Directions for this task: In the material below, pictures must be dropped. Repeat exactly, and only, the lines from the line with "Dang dude. Talk" to the line with "Right now it's", both ends included.

Records provided:
+++

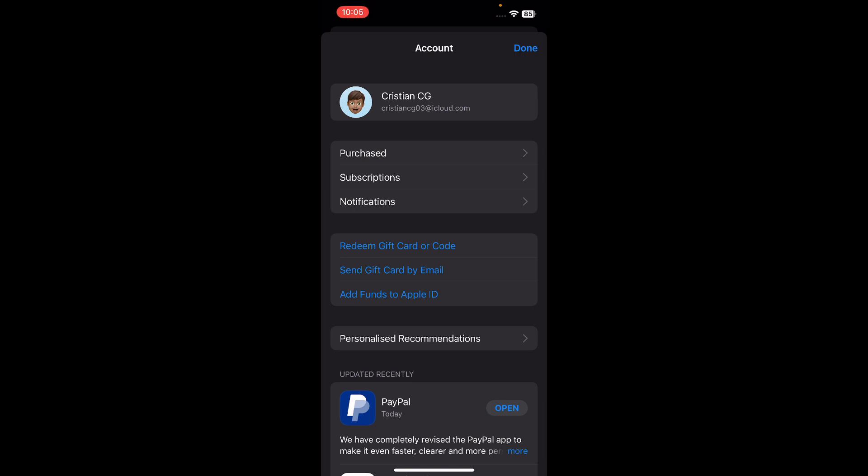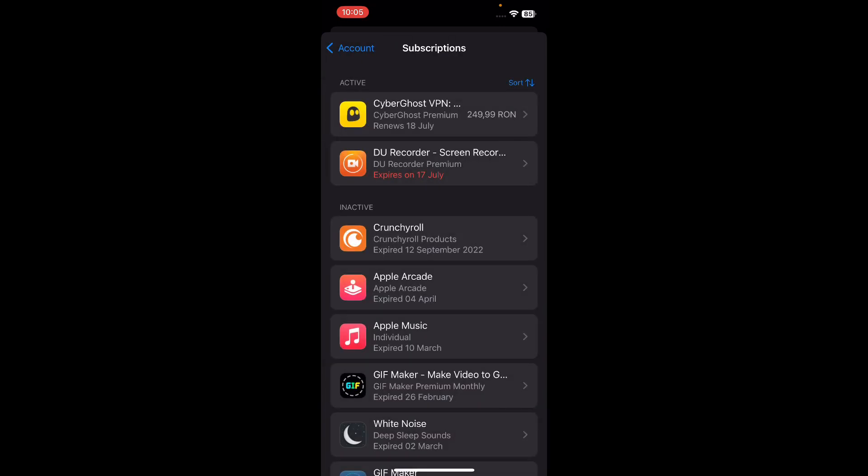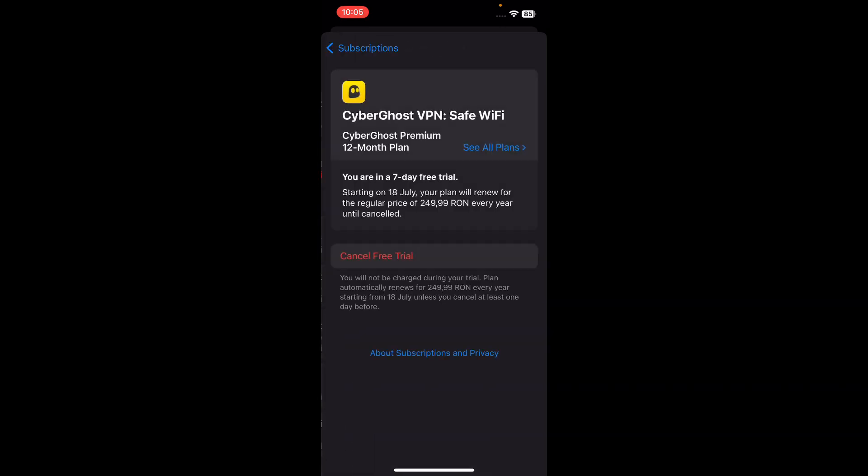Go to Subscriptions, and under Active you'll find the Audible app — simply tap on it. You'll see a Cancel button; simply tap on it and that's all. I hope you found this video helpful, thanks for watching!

+++

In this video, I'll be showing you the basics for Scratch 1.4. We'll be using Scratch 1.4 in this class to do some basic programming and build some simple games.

+++

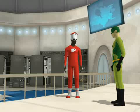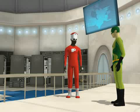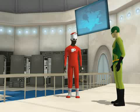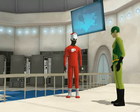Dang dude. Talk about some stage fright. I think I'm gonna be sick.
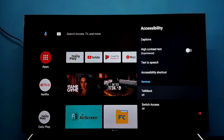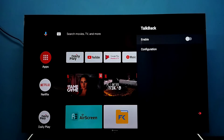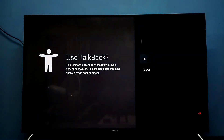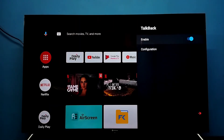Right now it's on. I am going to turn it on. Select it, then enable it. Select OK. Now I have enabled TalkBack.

+++

Task output:
Dang dude. Talk about some stage fright. I think I'm gonna be sick.
Right now it's on. I am going to turn it on. Select it, then enable it. Select OK. Now I have enabled TalkBack.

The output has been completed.